Report from Accenture examines ways transformation might cut down energy consumption and possibly give CIOs and CTOs more to contribute to the enterprise.

Migrating to the cloud may be a way for enterprises to reduce carbon emissions and certain costs, according Accenture’s report The Green Behind the Cloud. One of the authors of the report, Peter Lacy, senior managing director, European lead and global sustainability lead with Accenture Strategy, says moving to the cloud can play a role in sustainability strategies. That may be become increasingly of interest to organizations, as the report indicates energy demand is expected to increase with more data centers planned around the world.

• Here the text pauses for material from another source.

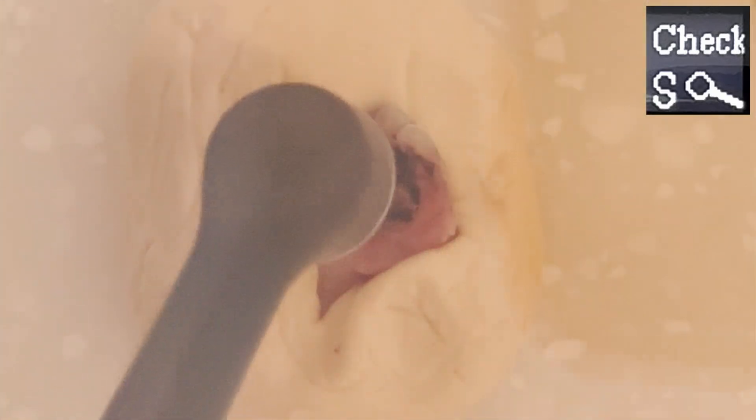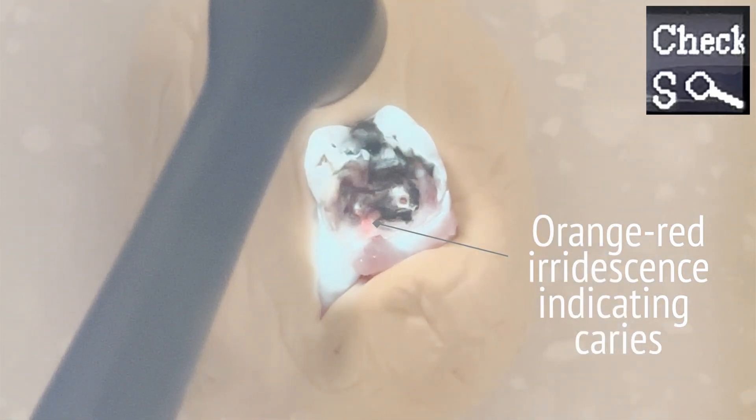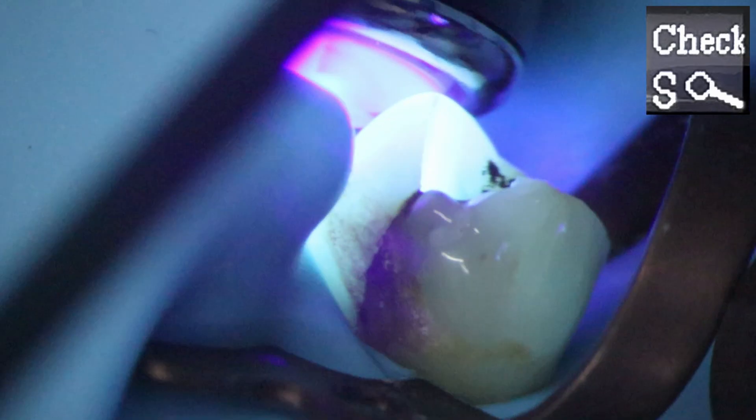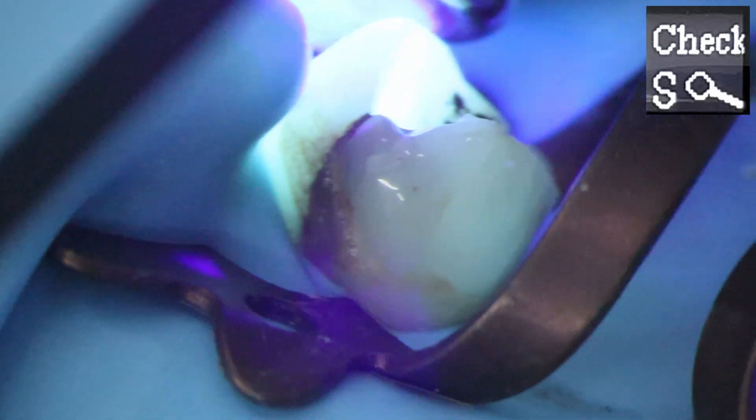Getting good footage of the decay detection is proving very difficult — the footage does not do this mode justice. In real life, decay tends to show a very distinct and obvious iridescence that simply doesn't capture well on photographic equipment. Another more unofficial use is as a crack detector, and it works really well. This is mainly because the light intensity in this mode is vastly reduced, allowing direct vision on the tooth whilst testing for cracks.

Lacy says cloud migration could ease that energy demand especially if organizations choose public cloud providers who are working to cut down their carbon footprints. The report posits that migrations to the public cloud might reduce global carbon emissions by as much as 59 million tons of CO2 annually. Reducing total IT emissions by 5.9% would be equivalent to removing 22 million cars from the road, according to the report.

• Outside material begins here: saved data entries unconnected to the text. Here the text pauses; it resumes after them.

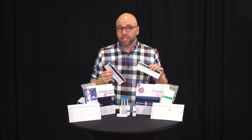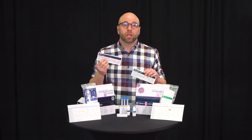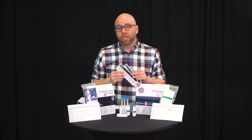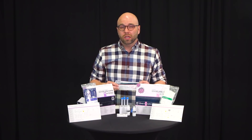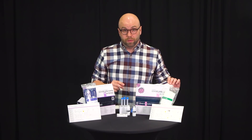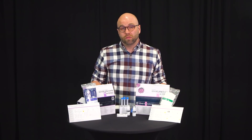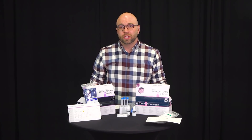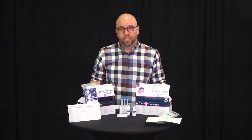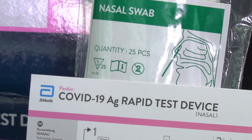One will guarantee a negative result, the other will guarantee a positive result. They're only for quality control purposes and not to be used for any nasal swabbing. Most of the time you'll ignore them. However, if you want to perform a quality control test on the kit, these are the swabs that you will use. You simply enter them into the buffering agent — you do not swab anyone's nasal with them.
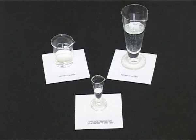Double strength chloroform water is often added as a preservative to oral liquid dosage forms. Originally, it was made using chloroform and freshly boiled and cooled purified water, but nowadays we make it using concentrated chloroform water and potable water.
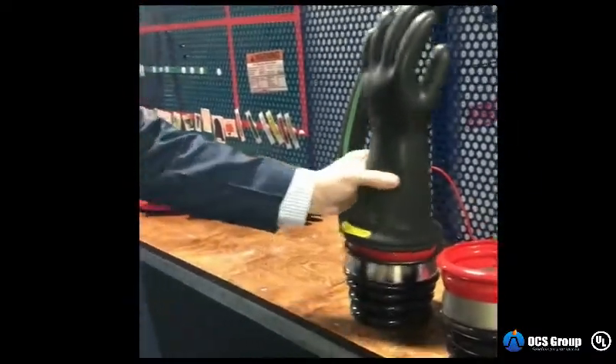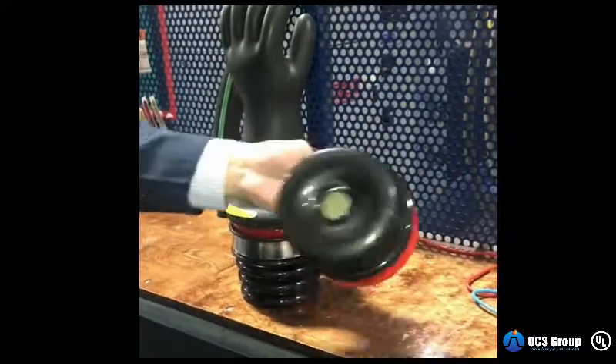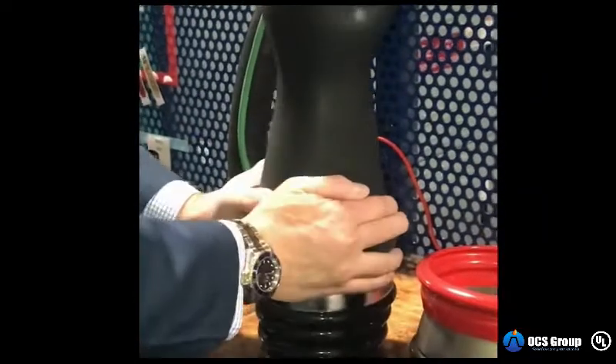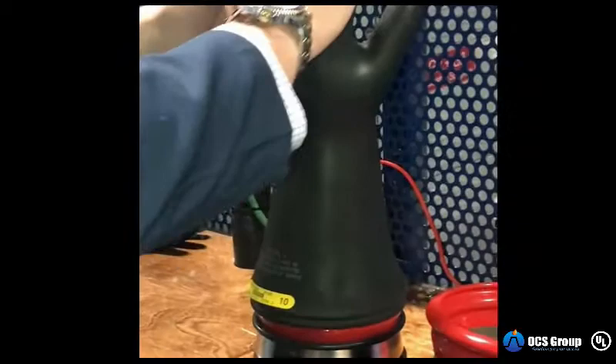When it comes to testing gloves to make sure there are no holes or defects, get an approved air tester. We're going to pump air into the glove like so, and now we can hear air escaping.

Image: adam121 - stock.Adobe.com

Image: adam121 – stock.Adobe.com

This kind of environmental goodwill, Lacy says, may fit into a bigger strategic picture that leads to improved performance within the enterprise. Cloud migration naturally is expected to increase agility and productivity with certain cost efficiencies, but he says it can also elevate the significance of IT leadership within the organization as they help cutdown energy consumption. “There is a major role for CIOs and CTOs to play in a very concrete and tangible way,” Lacy says, “even beyond what they may have done before in terms of energy efficiency and data centers.”

Energy efficiency with an enterprise may go hand in hand with other organizational traits, according to the report. Accenture’s research from 2013 to 2019 found that companies that consistently earned high marks on environmental, social, and governance performance also saw operating margins 4.7x higher than organizations with lower performance in those areas. There were also indications of higher annual returns to shareholders among those environmentally minded enterprises.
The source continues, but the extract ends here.